[SPARK-51757][SQL] Fix LEAD/LAG Function Offset Exceeds Window Group Size #50552

xin-aurora · 2025-04-10T02:06:33Z

What changes were proposed in this pull request?

The current implementation of the prepare in OffsetWindowFunctionFrameBase:

  override def prepare(rows: ExternalAppendOnlyUnsafeRowArray): Unit = {
    if (offset > rows.length) {
      fillDefaultValue(EmptyRow)
    } else {
    ...
  }

The current implementation of the write in FrameLessOffsetWindowFunctionFrame:

   override def write(index: Int, current: InternalRow): Unit = {
    if (offset > rows.length) {
      // Already use default values in prepare.
    } else {
    ...
  }

These implementations caused the LEAD and LAG functions to have NullPointerException when the default value is not Literal and the range of the default value exceeds the window group size.

This pr introduced a boolean val onlyLiteralNulls and modified prepare and write.

The onlyLiteralNulls indicated whether the default values are Literal values.

In prepare, first check onlyLiteralNulls.

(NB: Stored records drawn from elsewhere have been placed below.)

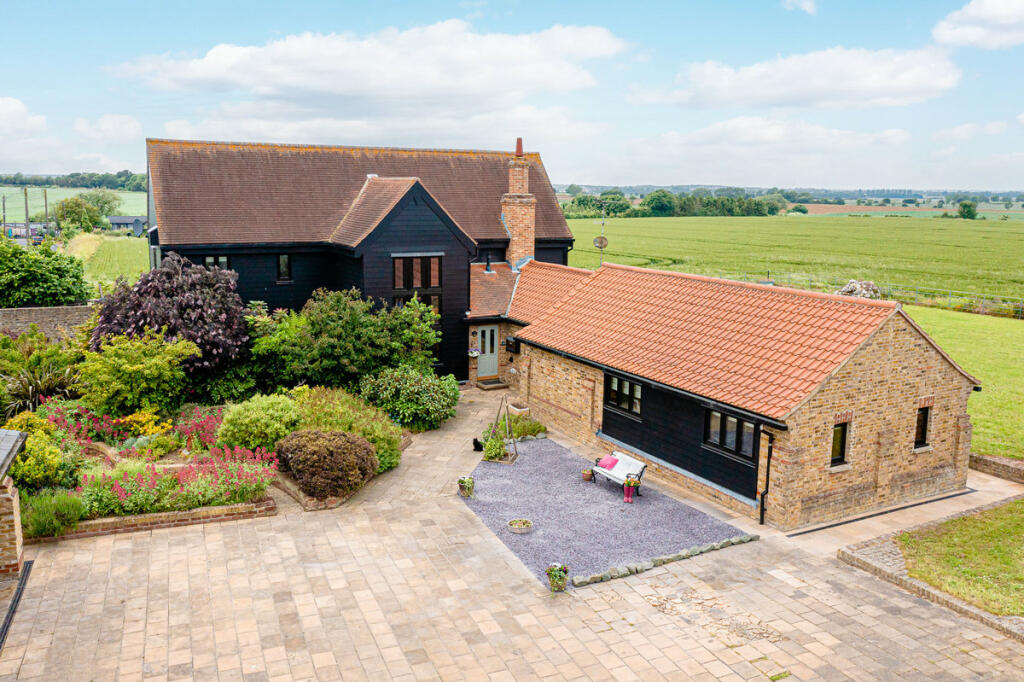 4 bedroom barn conversion for sale in Barling Road, Southendonsea, SS3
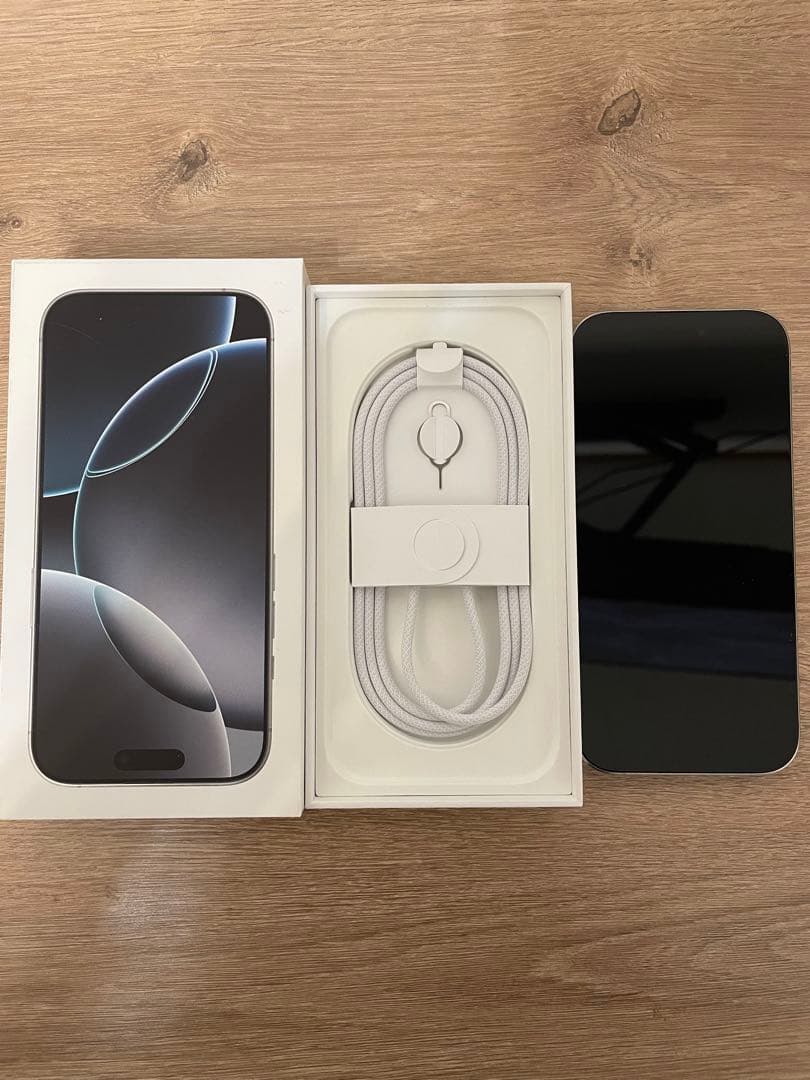 iPad本体 IPhone 16 Pro 128GB Amazon.co.jp: Apple iPhone 16 Pro (128 GB) - デザートチタニウム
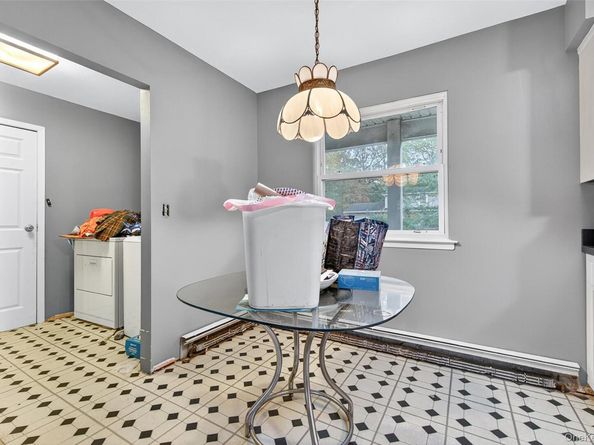 5 Julia Circle, East Setauket NY 11733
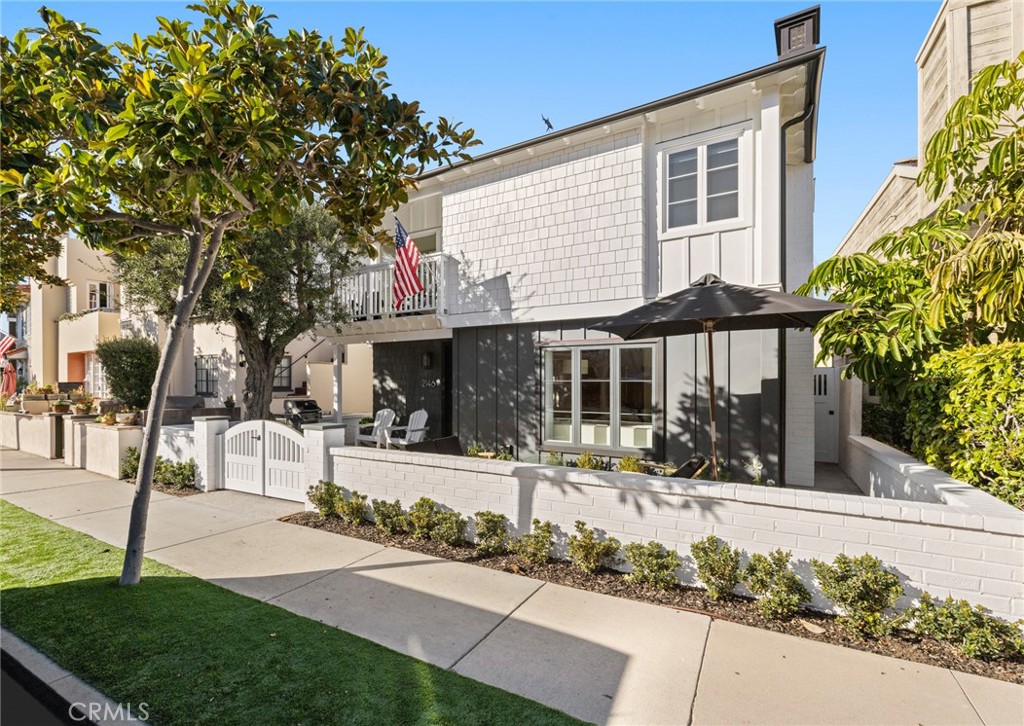 2146 Miramar Drive, Newport Beach, CA 92661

If the default value is Literal, call fillDefaultValue(EmptyRow).

In write, if onlyLiteralNulls is false, the default value must be non-literal, call fillDefaultValue(current).

Why are the changes needed?

Fix LEAD and LAG cause NullPointerException in the window function (SPARK-51757)

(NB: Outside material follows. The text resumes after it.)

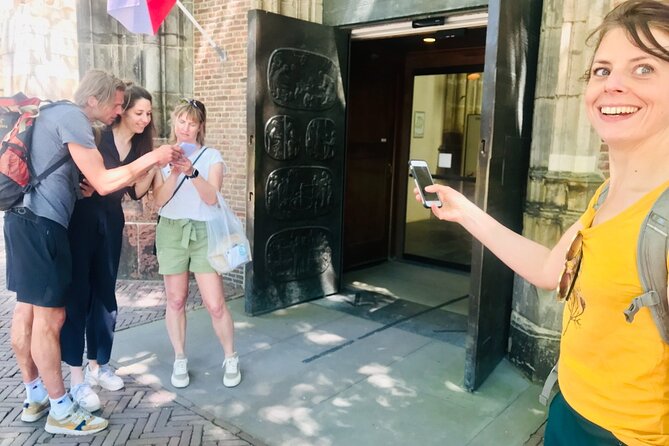 Discover the best spots in Den Bosch with Outside Escape - Hekellaan and a bird from The Garden of Earthly Delights
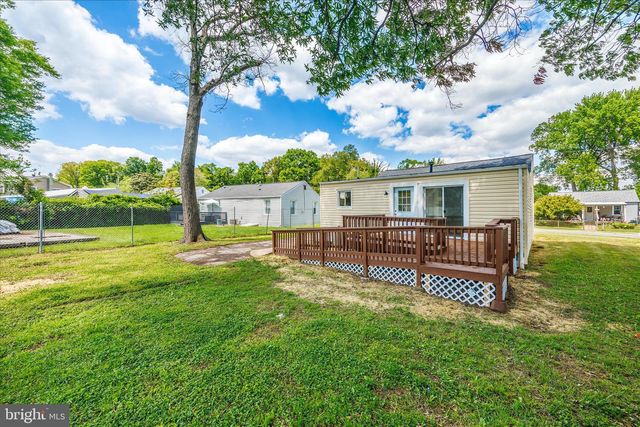 945 RENFREW, Baltimore, MD 21221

Does this PR introduce any user-facing change?

No

How was this patch tested?

Add test method in test("lead/lag with column reference as default when offset exceeds window group size") in org.apache.spark.sql.DataFrameWindowFramesSuite

Was this patch authored or co-authored using generative AI tooling?

No.

linhongliu-db · 2025-04-10T15:54:07Z

sql/core/src/main/scala/org/apache/spark/sql/execution/window/WindowFunctionFrame.scala

@@ -183,7 +183,8 @@ abstract class OffsetWindowFunctionFrameBase(
  override def prepare(rows: ExternalAppendOnlyUnsafeRowArray): Unit = {
    resetStates(rows)
    if (absOffset > rows.length) {
-      fillDefaultValue(EmptyRow)


if the code is not needed, just remove them. and add some comments to explain the reason

Is it the only place? Seems we should never run fillDefaultValue in prepare as the default value can be an expression that references attributes.

It seems all the existing tests just cover the default value as Literal.

And I think it's not related to the partition size.
The cause is apply expression on empty row.
We can check the default expression and apply fillDefaultValue(currentRow) in write if it is not a Literal, or apply it is in prepare if it is a literal.

if the code is not needed, just remove them. and add some comments to explain the reason

Edit the comments to include the reason

Is it the only place? Seems we should never run fillDefaultValue in prepare as the default value can be an expression that references attributes.

I found this is the only place to run fillDefaultValue in prepare. I updated the write in FrameLessOffsetWindowFunctionFrame to call fillDefaultValue as well.
I noticed that the write in UnboundedPrecedingOffsetWindowFunctionFrame also relies on prepare to handle cases where offset exceeds the window group size. However, I haven't found a query that triggers this method. It's possible that write in UnboundedPrecedingOffsetWindowFunctionFrame also needs to be updated.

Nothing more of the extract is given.